*ASSIGNMENT*: The line containing "Upgraded kitchen, quartz" marks where copying starts, so set down that line and each one after it exactly, through the end of the records.
■ ■ ■ ■
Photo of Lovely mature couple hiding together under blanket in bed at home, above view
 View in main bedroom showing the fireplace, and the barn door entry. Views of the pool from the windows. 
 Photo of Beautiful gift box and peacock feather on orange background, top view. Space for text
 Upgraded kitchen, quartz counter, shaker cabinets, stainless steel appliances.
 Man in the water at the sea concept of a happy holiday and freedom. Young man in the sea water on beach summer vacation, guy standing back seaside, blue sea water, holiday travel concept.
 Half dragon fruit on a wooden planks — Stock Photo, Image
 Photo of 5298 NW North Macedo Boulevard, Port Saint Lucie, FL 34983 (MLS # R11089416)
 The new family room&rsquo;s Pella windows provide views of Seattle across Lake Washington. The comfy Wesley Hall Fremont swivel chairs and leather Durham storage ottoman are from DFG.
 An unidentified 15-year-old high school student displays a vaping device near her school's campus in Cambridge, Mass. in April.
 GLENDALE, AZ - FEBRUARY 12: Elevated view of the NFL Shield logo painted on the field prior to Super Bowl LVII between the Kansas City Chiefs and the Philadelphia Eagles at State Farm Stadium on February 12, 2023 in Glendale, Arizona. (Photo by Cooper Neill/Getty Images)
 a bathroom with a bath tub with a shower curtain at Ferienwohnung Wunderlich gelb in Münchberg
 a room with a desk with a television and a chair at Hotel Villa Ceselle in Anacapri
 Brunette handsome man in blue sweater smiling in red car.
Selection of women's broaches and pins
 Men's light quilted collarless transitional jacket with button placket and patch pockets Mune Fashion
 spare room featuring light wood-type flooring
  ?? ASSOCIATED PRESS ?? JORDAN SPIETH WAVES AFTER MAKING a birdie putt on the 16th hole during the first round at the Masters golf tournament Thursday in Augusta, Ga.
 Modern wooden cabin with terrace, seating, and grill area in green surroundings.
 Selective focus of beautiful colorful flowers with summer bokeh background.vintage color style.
■ ■ ■ ■
*YOUR SOLUTION*:
 Upgraded kitchen, quartz counter, shaker cabinets, stainless steel appliances.
 Man in the water at the sea concept of a happy holiday and freedom. Young man in the sea water on beach summer vacation, guy standing back seaside, blue sea water, holiday travel concept.
 Half dragon fruit on a wooden planks — Stock Photo, Image
 Photo of 5298 NW North Macedo Boulevard, Port Saint Lucie, FL 34983 (MLS # R11089416)
 The new family room&rsquo;s Pella windows provide views of Seattle across Lake Washington. The comfy Wesley Hall Fremont swivel chairs and leather Durham storage ottoman are from DFG.
 An unidentified 15-year-old high school student displays a vaping device near her school's campus in Cambridge, Mass. in April.
 GLENDALE, AZ - FEBRUARY 12: Elevated view of the NFL Shield logo painted on the field prior to Super Bowl LVII between the Kansas City Chiefs and the Philadelphia Eagles at State Farm Stadium on February 12, 2023 in Glendale, Arizona. (Photo by Cooper Neill/Getty Images)
 a bathroom with a bath tub with a shower curtain at Ferienwohnung Wunderlich gelb in Münchberg
 a room with a desk with a television and a chair at Hotel Villa Ceselle in Anacapri
 Brunette handsome man in blue sweater smiling in red car.
Selection of women's broaches and pins
 Men's light quilted collarless transitional jacket with button placket and patch pockets Mune Fashion
 spare room featuring light wood-type flooring
  ?? ASSOCIATED PRESS ?? JORDAN SPIETH WAVES AFTER MAKING a birdie putt on the 16th hole during the first round at the Masters golf tournament Thursday in Augusta, Ga.
 Modern wooden cabin with terrace, seating, and grill area in green surroundings.
 Selective focus of beautiful colorful flowers with summer bokeh background.vintage color style.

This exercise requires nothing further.